BEGIN The data

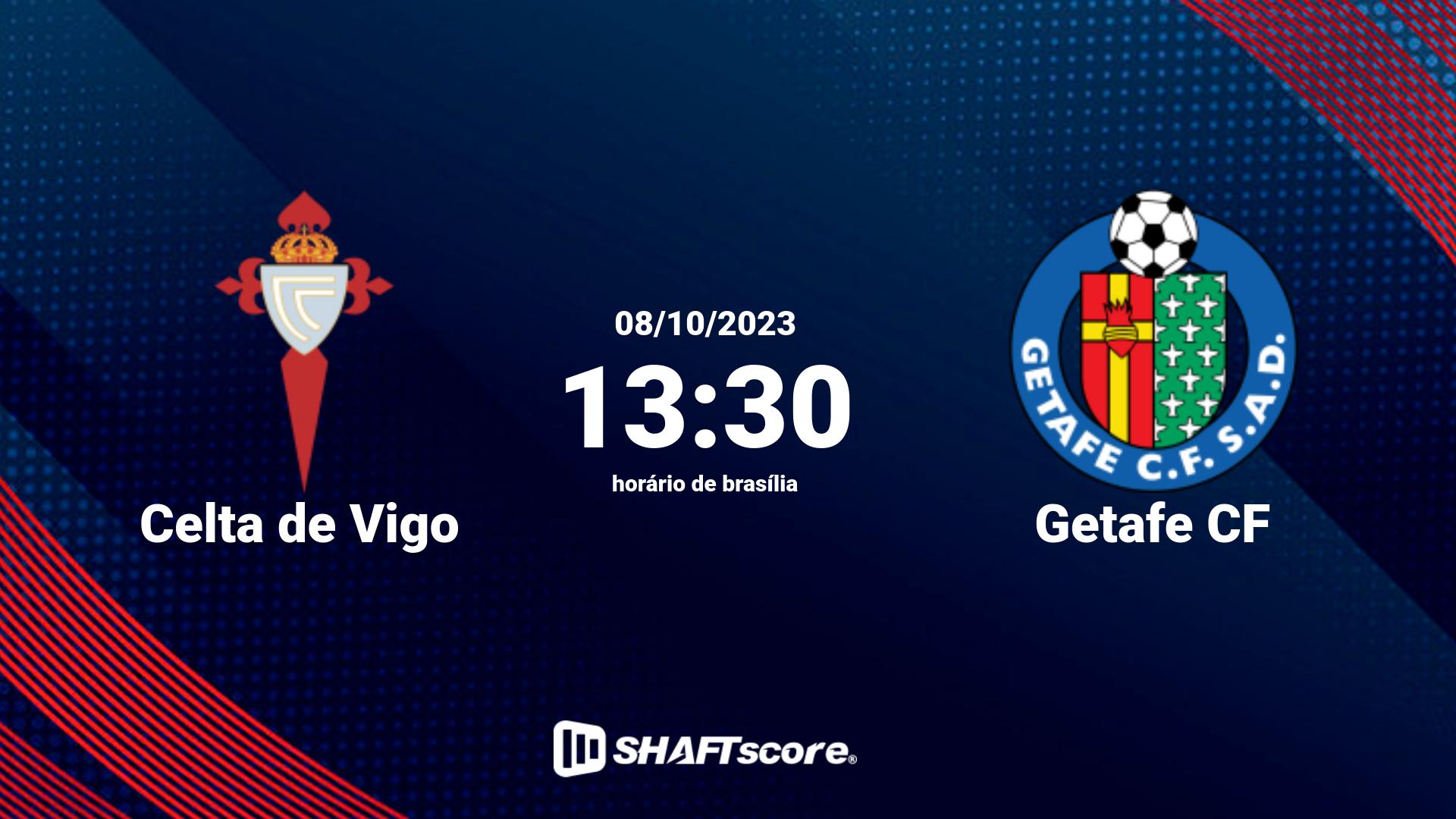 Estatísticas do jogo Celta de Vigo vs Getafe CF 08.10 13:30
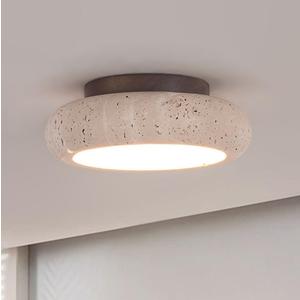 Yellow Travertine Ceiling Light, 7.9" Mid Century Modern Ceiling Light with Round Travertine Stone Lampshade Wabi Sabi Light Fixture Japanese Style for Bedroom Living Room Kitchen Island Hallway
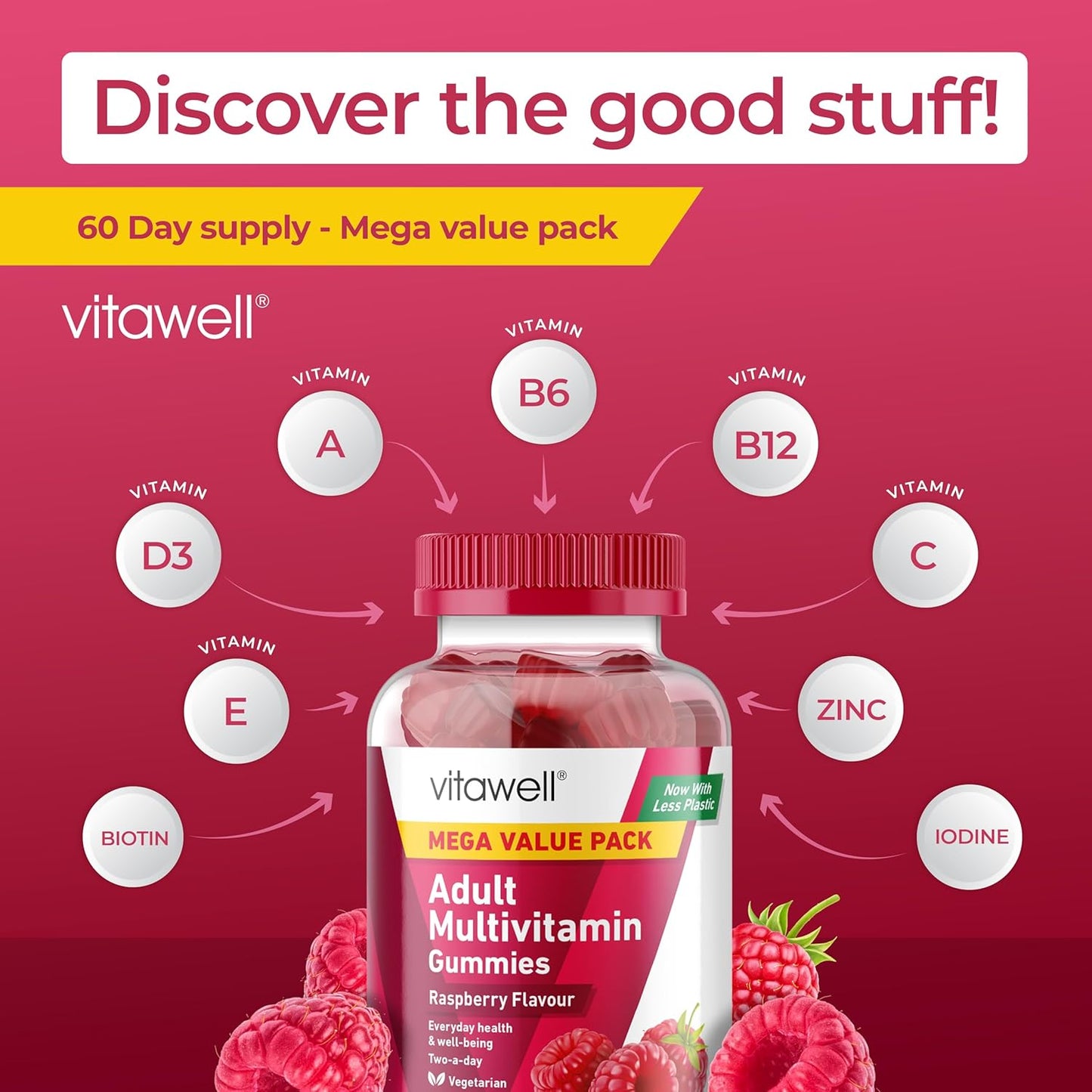 Vitawell Adult Multivitamin Gummies - 120 Raspberry Flavour Gummies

END The data

Give back each line above exactly, with pictures dropped.

 Estatísticas do jogo Celta de Vigo vs Getafe CF 08.10 13:30
 Yellow Travertine Ceiling Light, 7.9" Mid Century Modern Ceiling Light with Round Travertine Stone Lampshade Wabi Sabi Light Fixture Japanese Style for Bedroom Living Room Kitchen Island Hallway
 Vitawell Adult Multivitamin Gummies - 120 Raspberry Flavour Gummies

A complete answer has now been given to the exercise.